Task details – In the material below, find the line with "Peacock Palace Garden Canvas Wall Art" and the line with "Ø105 x 150 mm", then output both and every line between them exactly, omitting pictures.

Given data –
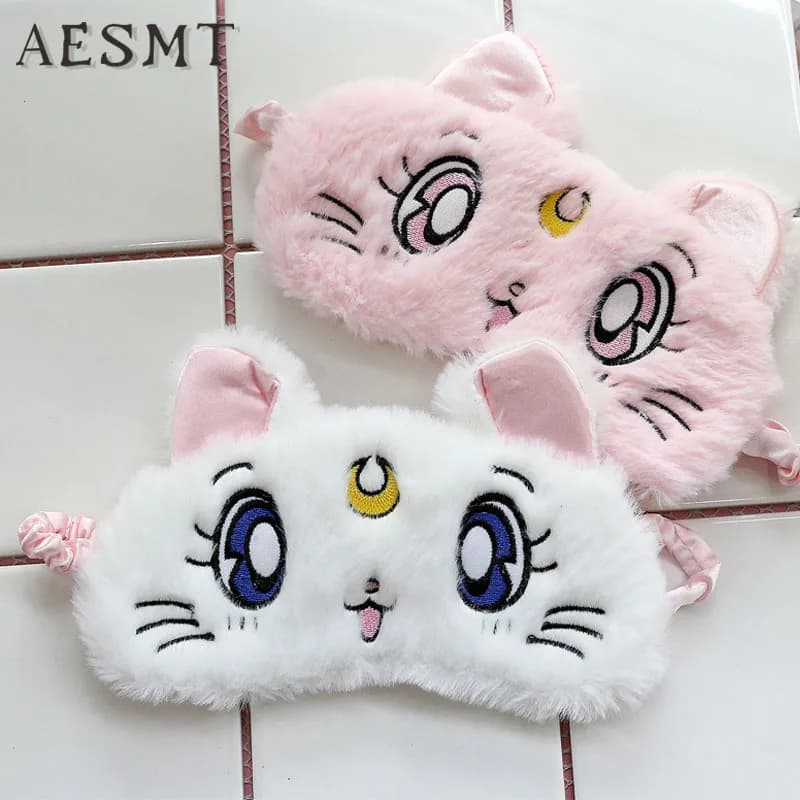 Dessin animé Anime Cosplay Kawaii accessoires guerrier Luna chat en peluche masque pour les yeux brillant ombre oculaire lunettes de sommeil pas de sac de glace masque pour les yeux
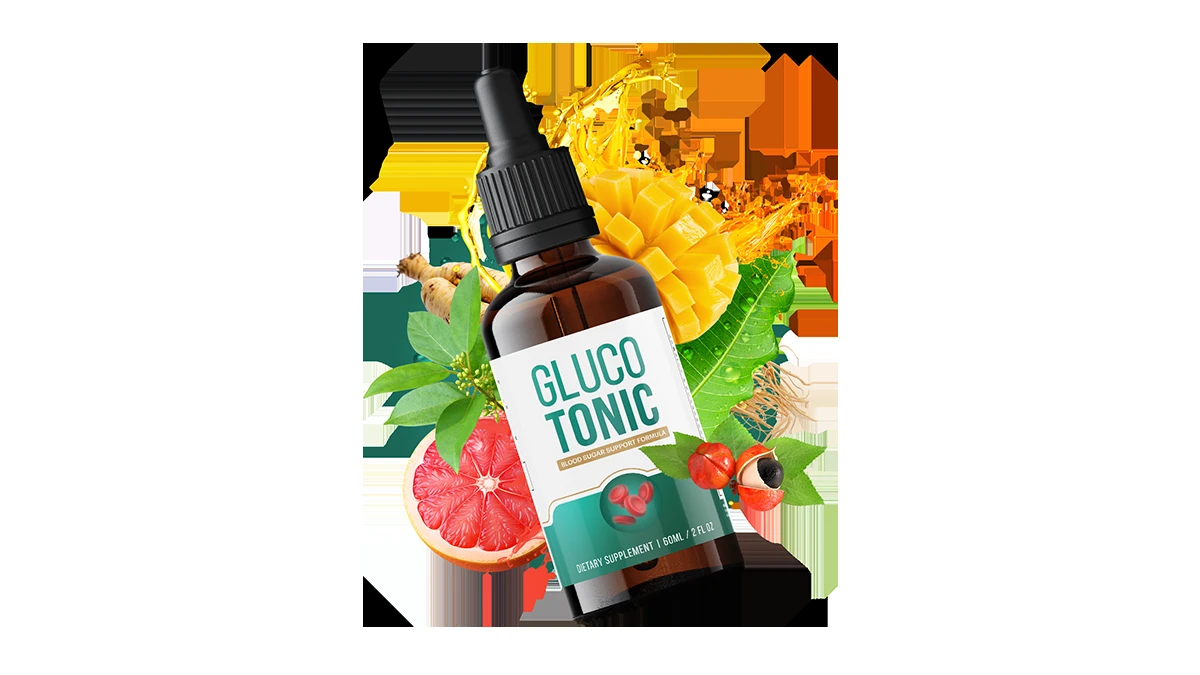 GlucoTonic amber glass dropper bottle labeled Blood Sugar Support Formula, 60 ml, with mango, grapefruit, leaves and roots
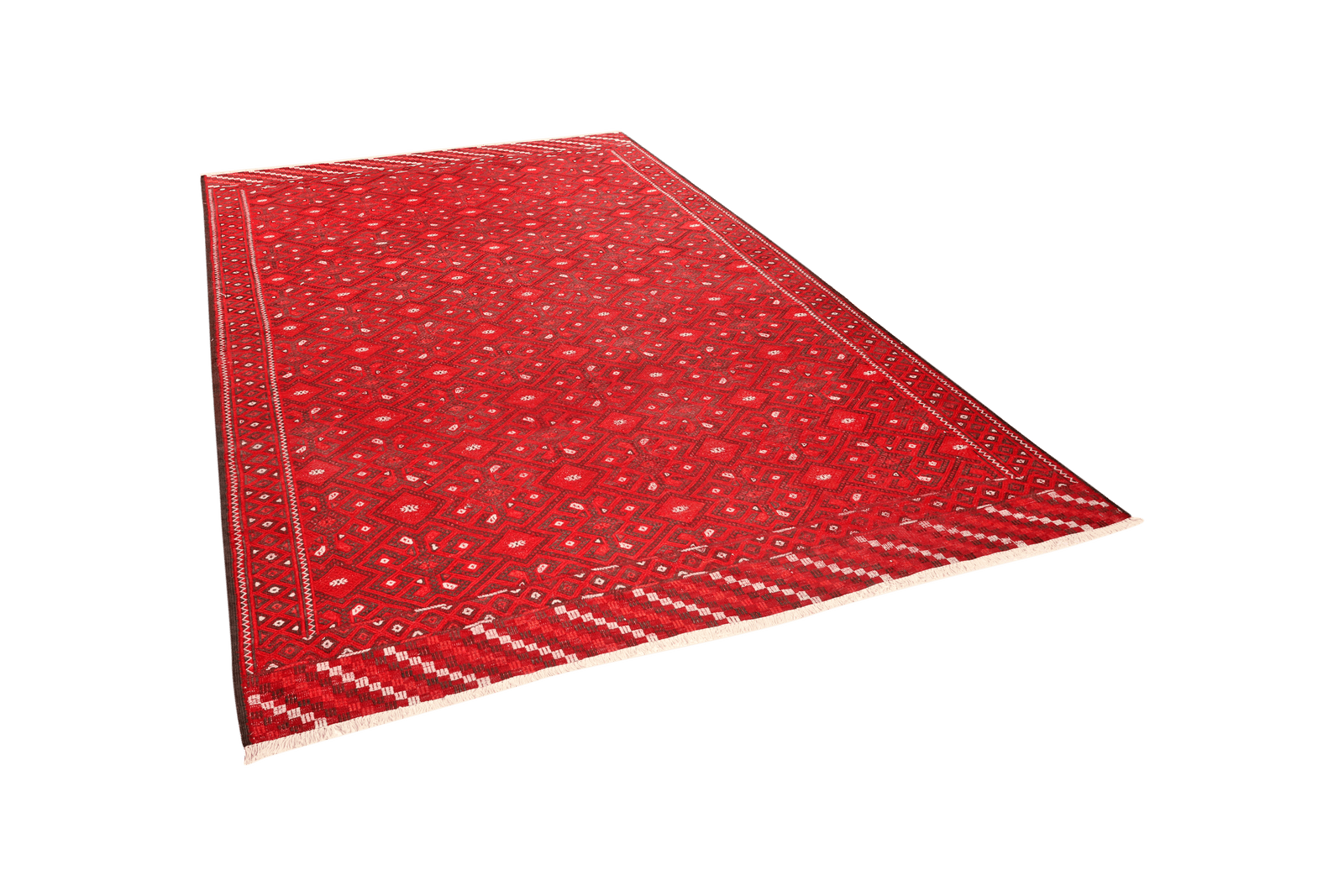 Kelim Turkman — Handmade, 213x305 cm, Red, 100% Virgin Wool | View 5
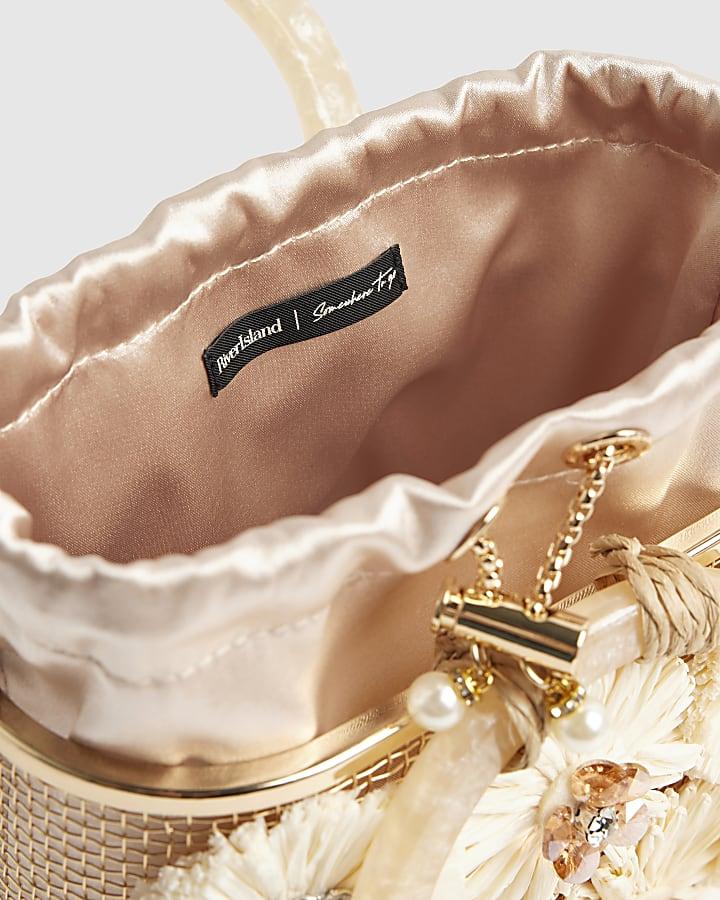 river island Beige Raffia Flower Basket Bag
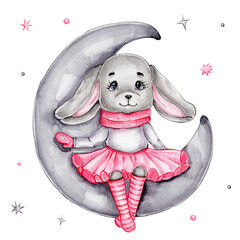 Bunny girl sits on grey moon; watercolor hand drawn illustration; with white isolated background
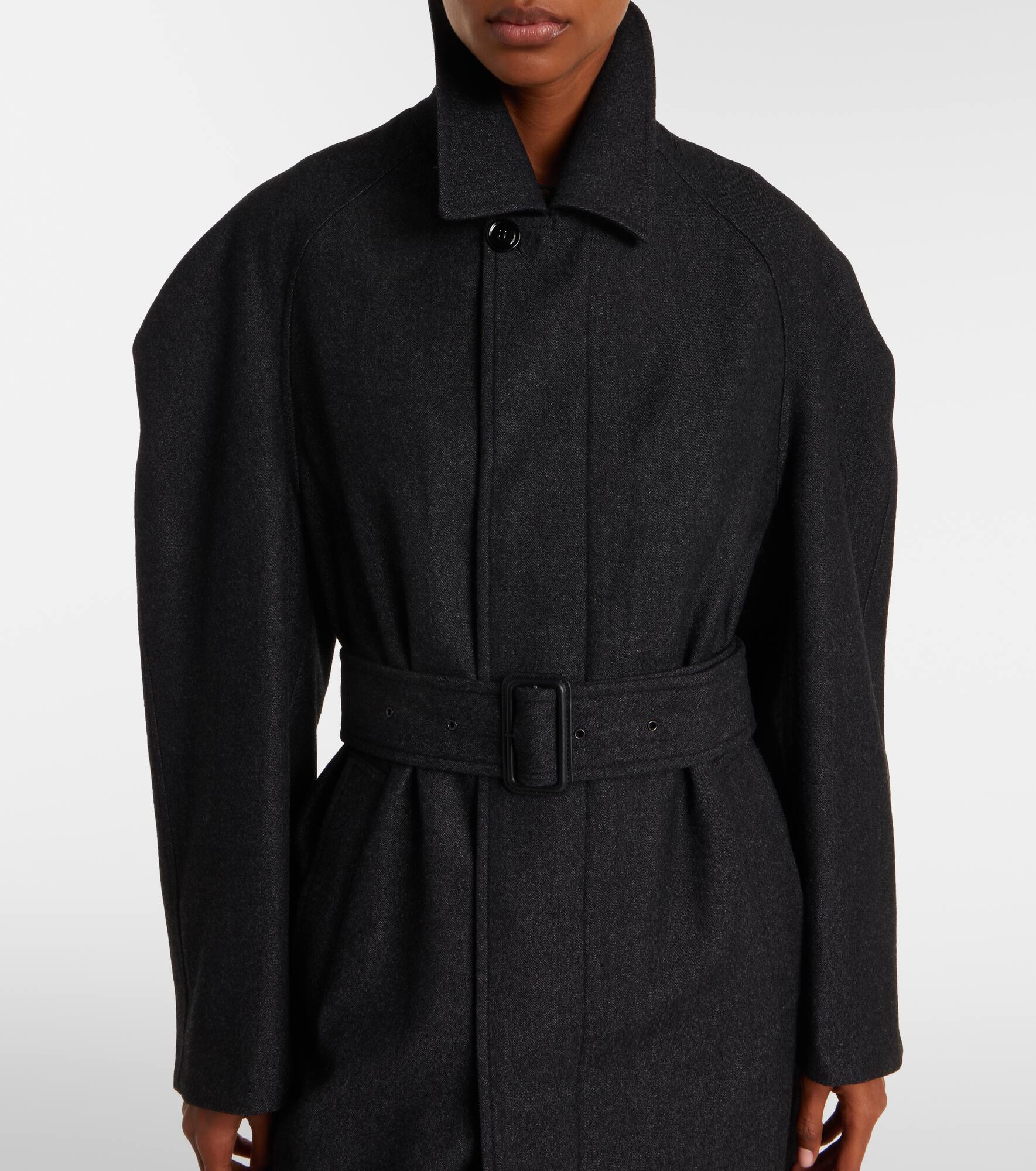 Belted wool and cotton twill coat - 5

--

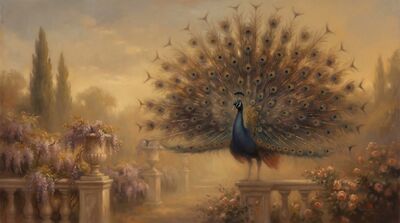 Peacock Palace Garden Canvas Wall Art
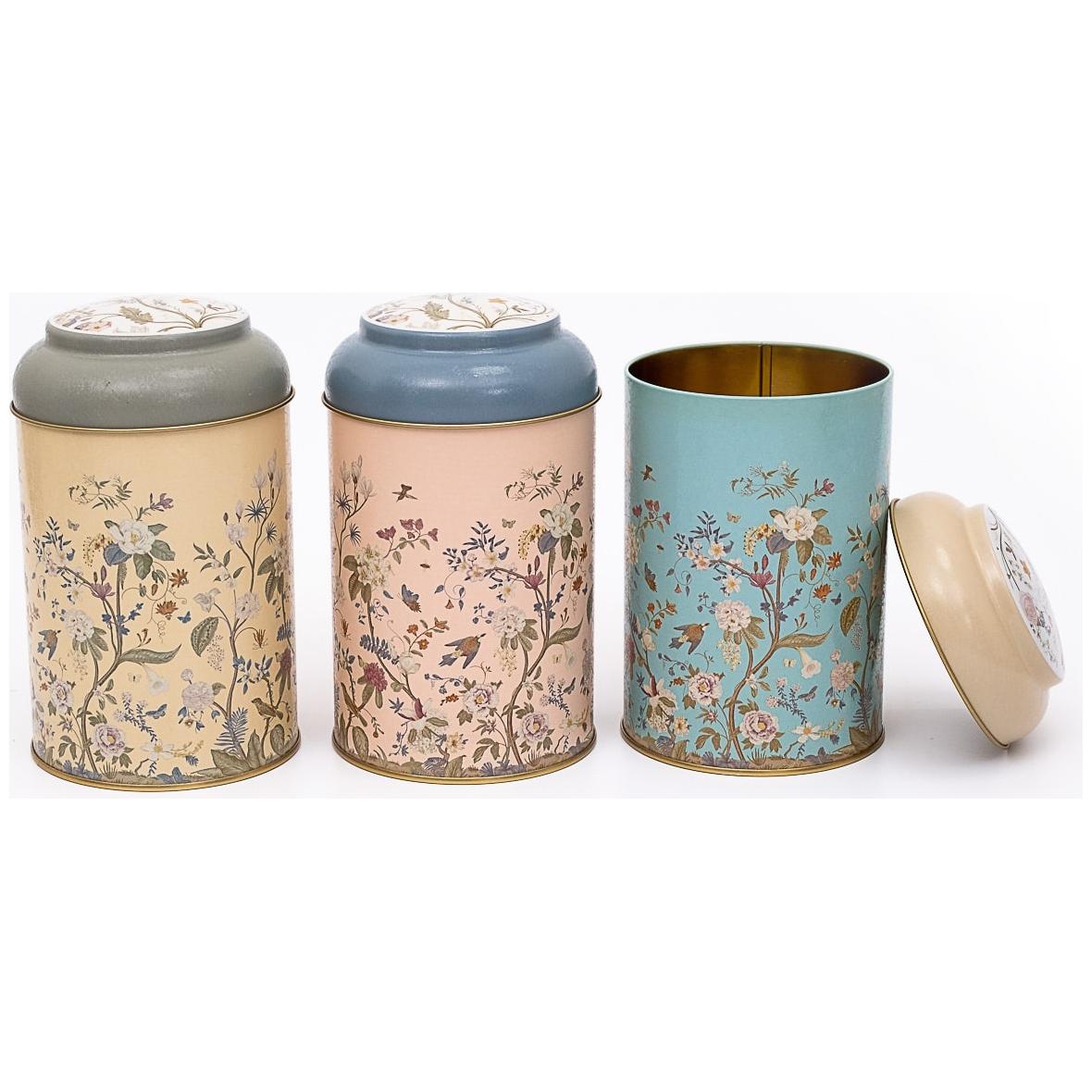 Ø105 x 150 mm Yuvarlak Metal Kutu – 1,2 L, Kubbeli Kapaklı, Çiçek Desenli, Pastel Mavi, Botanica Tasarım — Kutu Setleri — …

Answer to the exercise –
 Peacock Palace Garden Canvas Wall Art
 Ø105 x 150 mm Yuvarlak Metal Kutu – 1,2 L, Kubbeli Kapaklı, Çiçek Desenli, Pastel Mavi, Botanica Tasarım — Kutu Setleri — …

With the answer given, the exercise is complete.